YOUR GOAL »
When you output the records, match them exactly and omit any picture they include.

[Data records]

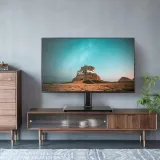 podstawa-tv-kopier-05660-model-05660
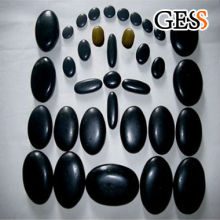 GESS-6022 hot jade stone massage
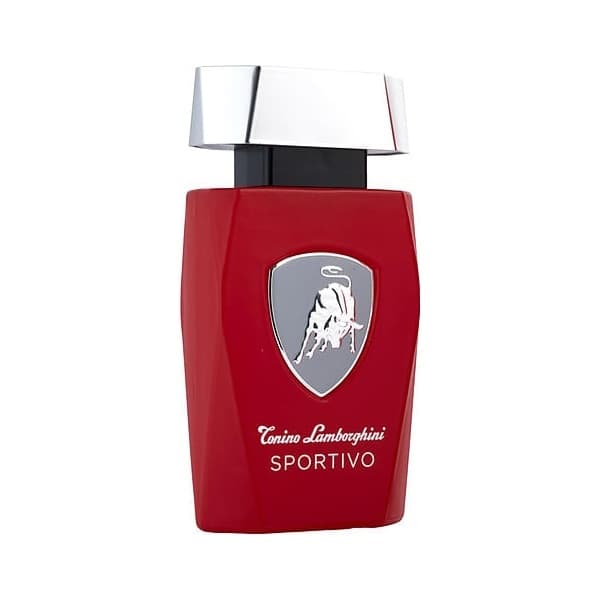 Sportivo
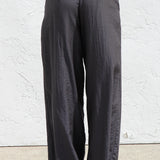 Reese Set CHARCOAL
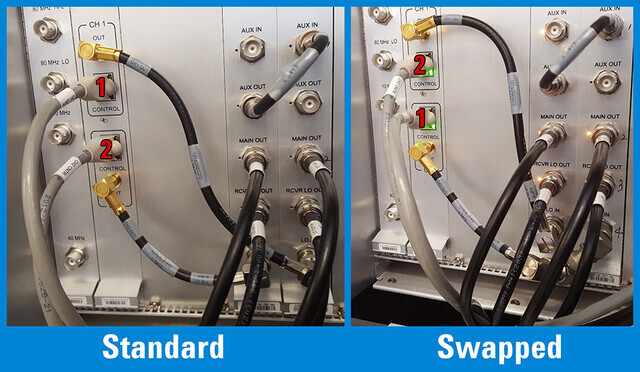 400MR_frequency_swap.jpg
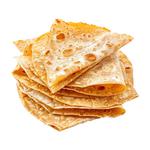 Picture of Wholemeal Chapaties 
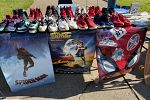 Sale Photo Thumbnail #7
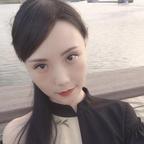 捡一只小狼狗头像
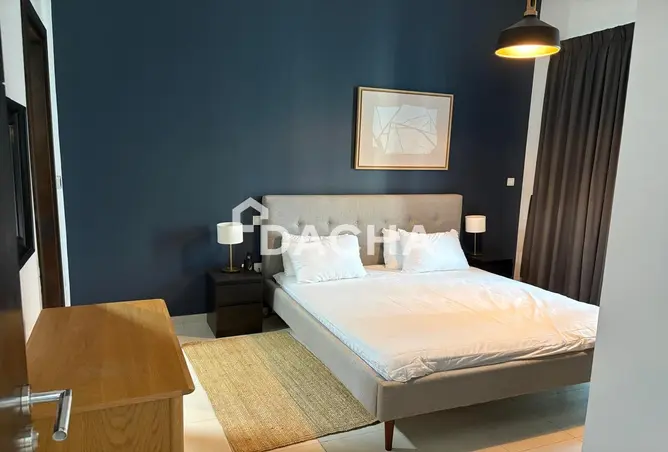 129305185 - Property Image 3
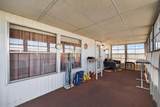 39213 Flora Avenue - Photo 30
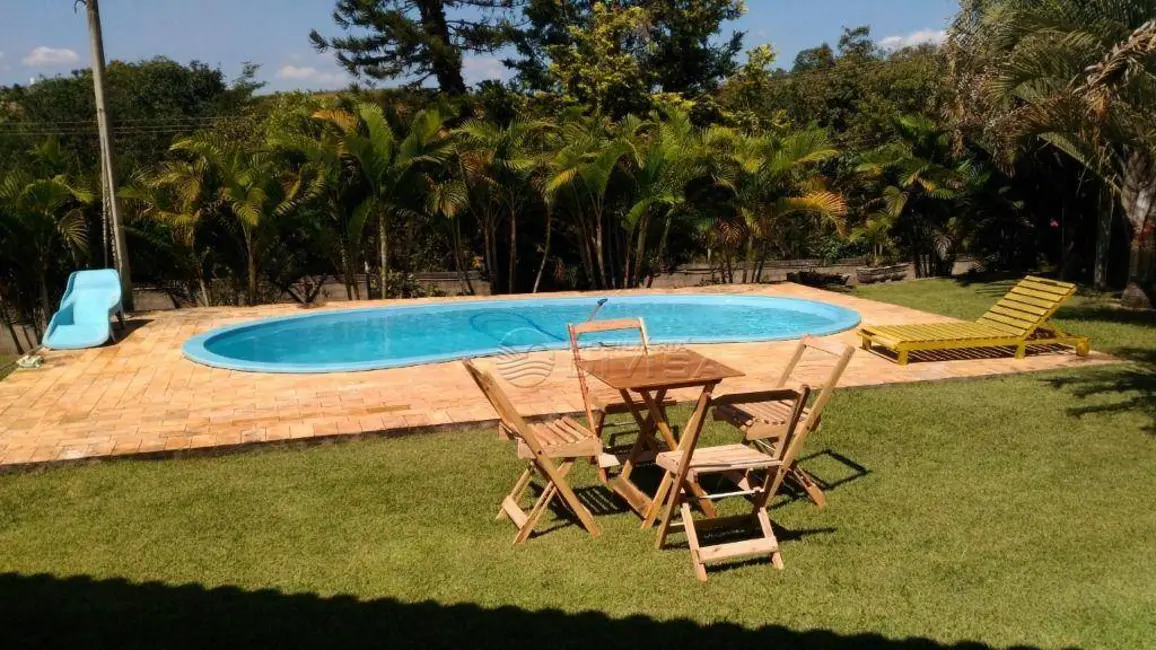 Foto 11 de Chácara à venda, 3184m2 em Jarinu - SP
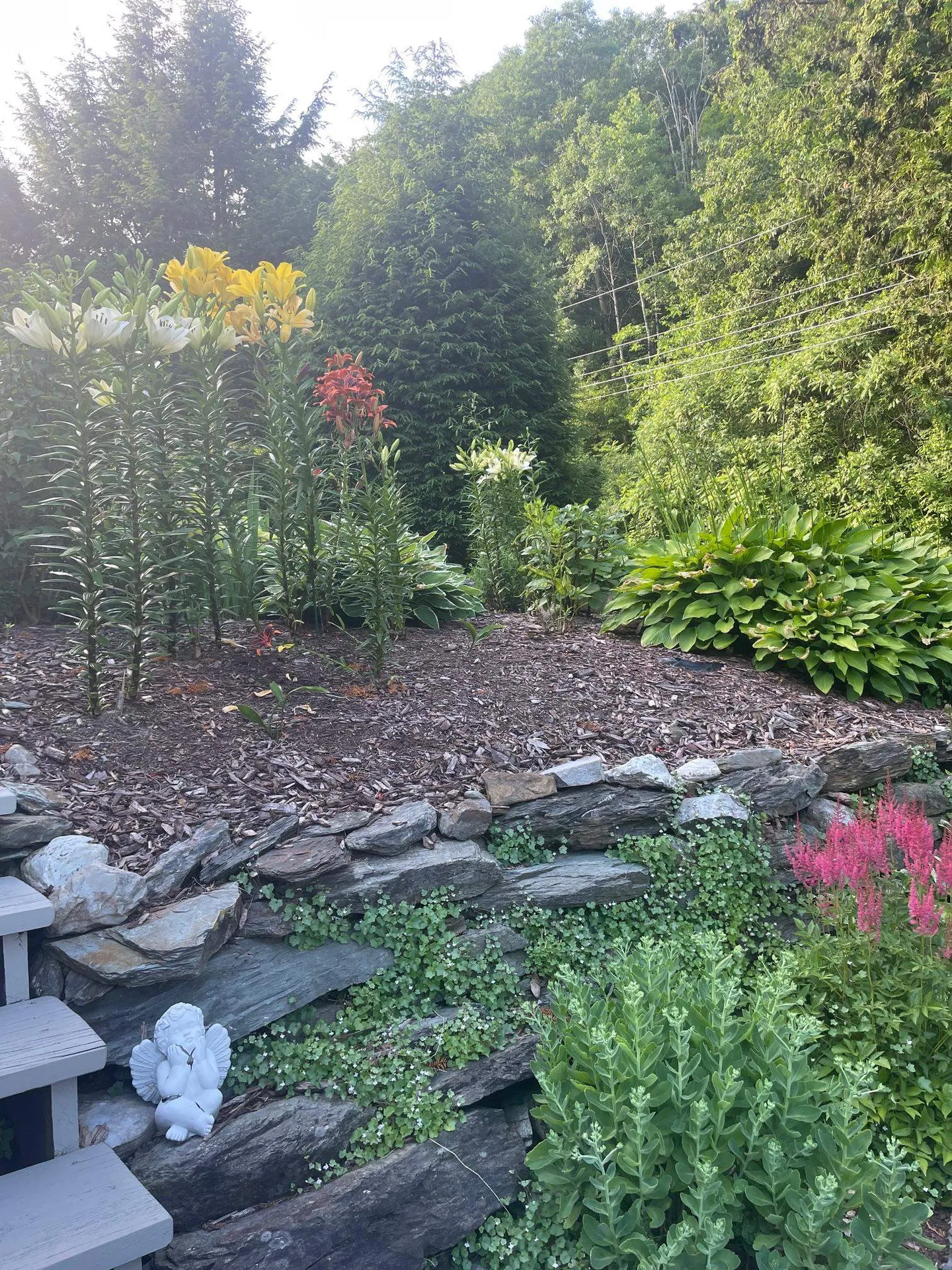 269 Hortonia Road Hubbardton VT 05732
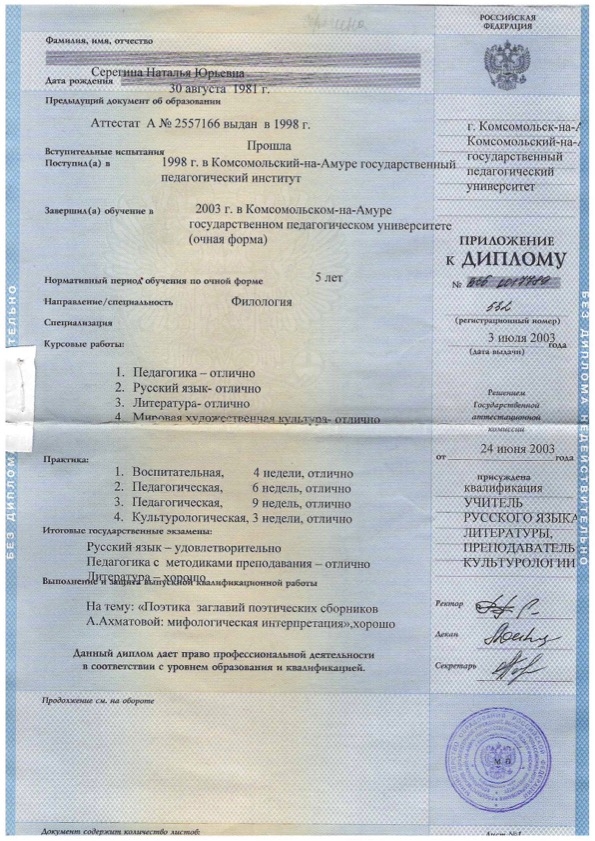 Приложение к диплому_филфак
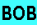 1bob_r.gif (2562 octets)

EXPECTED ANSWER »
 podstawa-tv-kopier-05660-model-05660
 GESS-6022 hot jade stone massage
 Sportivo
 Reese Set CHARCOAL
 400MR_frequency_swap.jpg
 Picture of Wholemeal Chapaties 
 Sale Photo Thumbnail #7
 捡一只小狼狗头像
 129305185 - Property Image 3
 39213 Flora Avenue - Photo 30
 Foto 11 de Chácara à venda, 3184m2 em Jarinu - SP
 269 Hortonia Road Hubbardton VT 05732
 Приложение к диплому_филфак
 1bob_r.gif (2562 octets)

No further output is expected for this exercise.